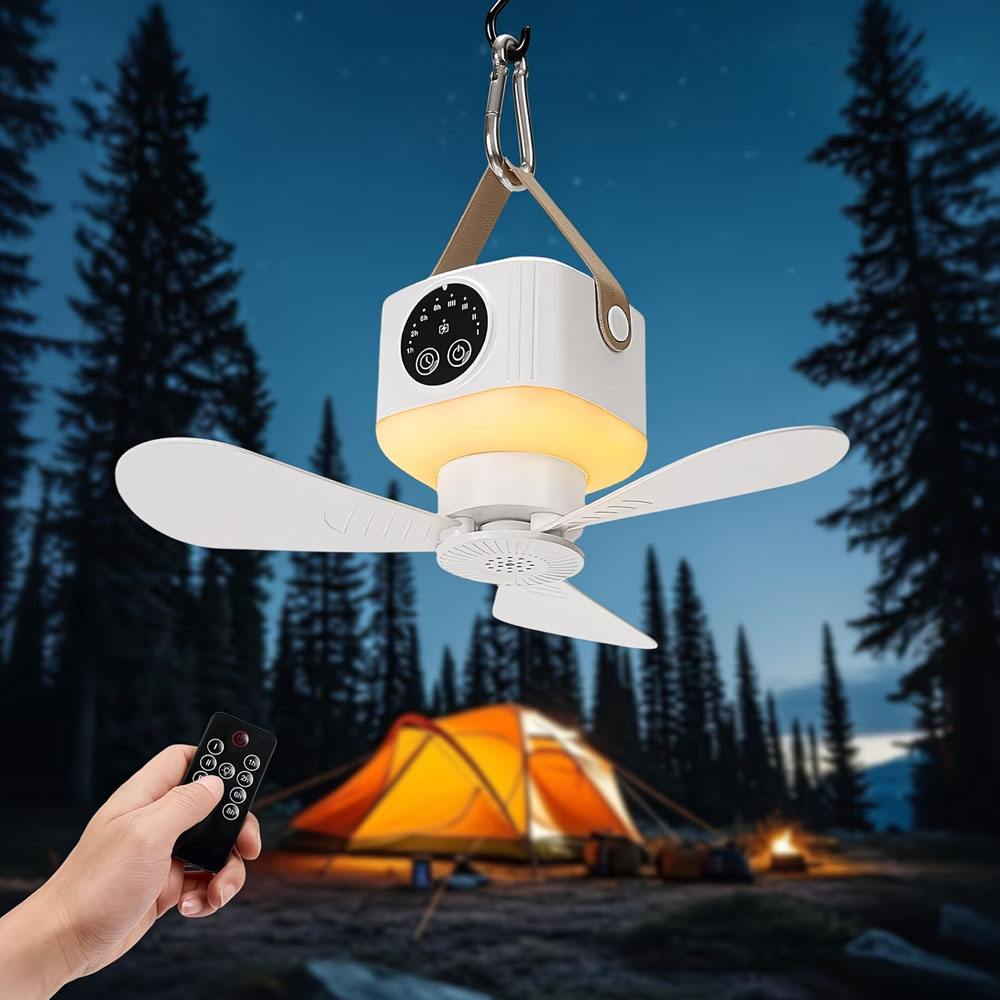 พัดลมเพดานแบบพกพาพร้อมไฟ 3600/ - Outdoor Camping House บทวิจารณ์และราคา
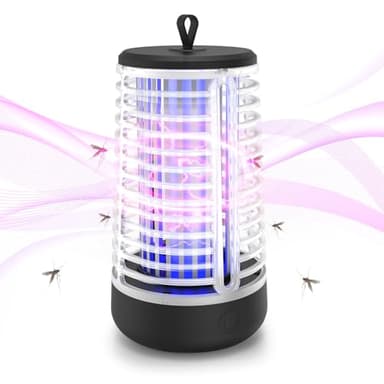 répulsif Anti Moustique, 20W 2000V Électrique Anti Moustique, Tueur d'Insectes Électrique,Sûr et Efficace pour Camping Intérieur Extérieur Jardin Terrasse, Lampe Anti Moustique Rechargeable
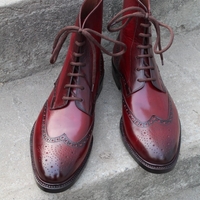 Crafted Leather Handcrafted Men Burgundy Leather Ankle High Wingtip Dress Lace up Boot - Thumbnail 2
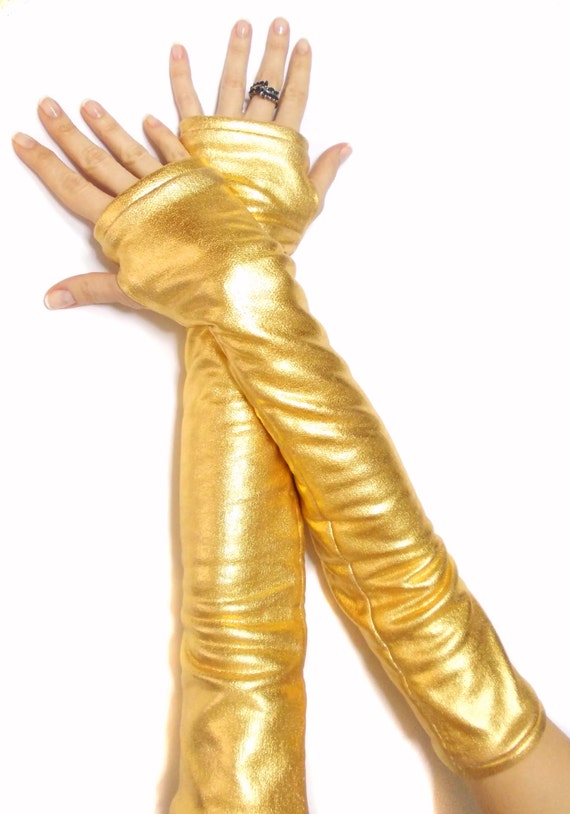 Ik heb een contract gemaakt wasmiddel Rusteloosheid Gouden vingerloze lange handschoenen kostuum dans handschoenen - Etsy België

• What the task asks
Make an exact copy of the whole listing, but don't bring over any pictures.

• Result for this task
 พัดลมเพดานแบบพกพาพร้อมไฟ 3600/ - Outdoor Camping House บทวิจารณ์และราคา
 répulsif Anti Moustique, 20W 2000V Électrique Anti Moustique, Tueur d'Insectes Électrique,Sûr et Efficace pour Camping Intérieur Extérieur Jardin Terrasse, Lampe Anti Moustique Rechargeable
 Crafted Leather Handcrafted Men Burgundy Leather Ankle High Wingtip Dress Lace up Boot - Thumbnail 2
 Ik heb een contract gemaakt wasmiddel Rusteloosheid Gouden vingerloze lange handschoenen kostuum dans handschoenen - Etsy België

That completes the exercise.